During Blackhawks practices, Kane's teammates are under the microscope, even rookie forwards Pius Suter and Philipp Kurashev

"Even as a veteran of the League, you can watch some of these young guys and still learn from them as well, especially when you look at young skill guys who are really hard on the puck and are able to win battles and create out of those battles," Kane said. "That's something I can add more to my game too."

Video: Celebrate Patrick Kane's path to 400 NHL goals

That's the thing with Kane, who is in his 14th season, all with the Blackhawks. He never stops experimenting, never stops thinking about his craft, even after playing in 996 NHL regular-season games, scoring 1,056 regular-season points (400 goals, 656 assists) and winning the Stanley Cup three times (2010, 2013, 2015).

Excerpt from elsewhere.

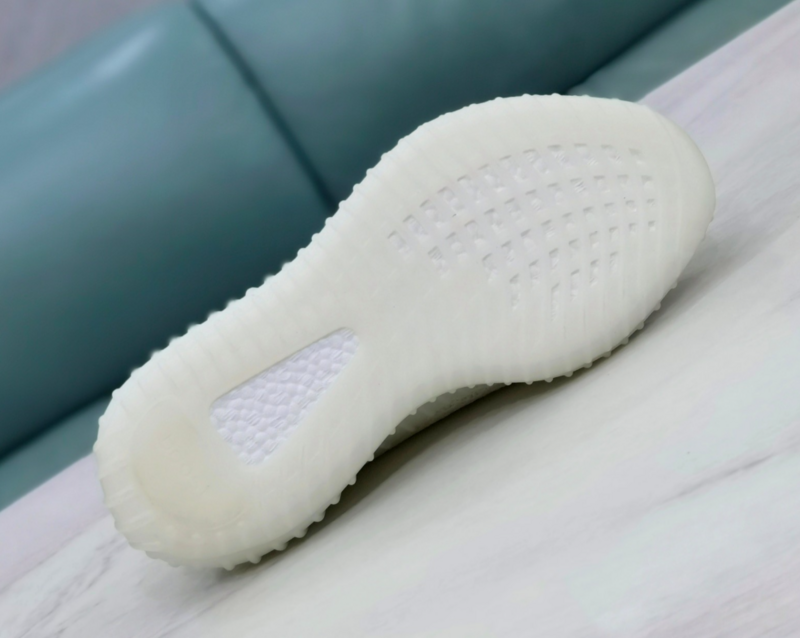 SAMC - YZO Sneakers - 059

"He's one of the hardest-working guys in our room and one of the most accomplished too," said Blackhawks forward Alex DeBrincat, who plays on a line with Kane and Suter. "Pretty funny how those go together."

Kane has scored 34 points (11 goals, 23 assists) in 23 games this season, tied for second in the NHL with Edmonton Oilers forward Leon Draisaitl, trailing Connor McDavid (40 points) of the Oilers.

It is his best start since 2015-16, when he scored 35 points (13 goals, 22 assists) in his first 23 games and went on to win the Hart Trophy voted as NHL most valuable player. 

Could another Hart Trophy be in the future for Kane, who not only is scoring at an elite level, but has helped the Blackhawks move the focus from a potential rebuild to a possible spot in the Stanley Cup Playoffs? Despite playing eight rookies, including No. 1 goalie Kevin Lankinen, and missing top-two centers Jonathan Toews and Kirby Dach, the Blackhawks (12-7-4) are third in the Discover Central Division. The top four teams in each division qualify for the postseason.

"I don't know, I'm just trying to help the team as much as possible," Kane said. "The way I play, I feel I've had some pretty good seasons the last couple of years too. I'm just trying to get better each year, I guess. Still feel there are always things I can do better in a game and in the offseason."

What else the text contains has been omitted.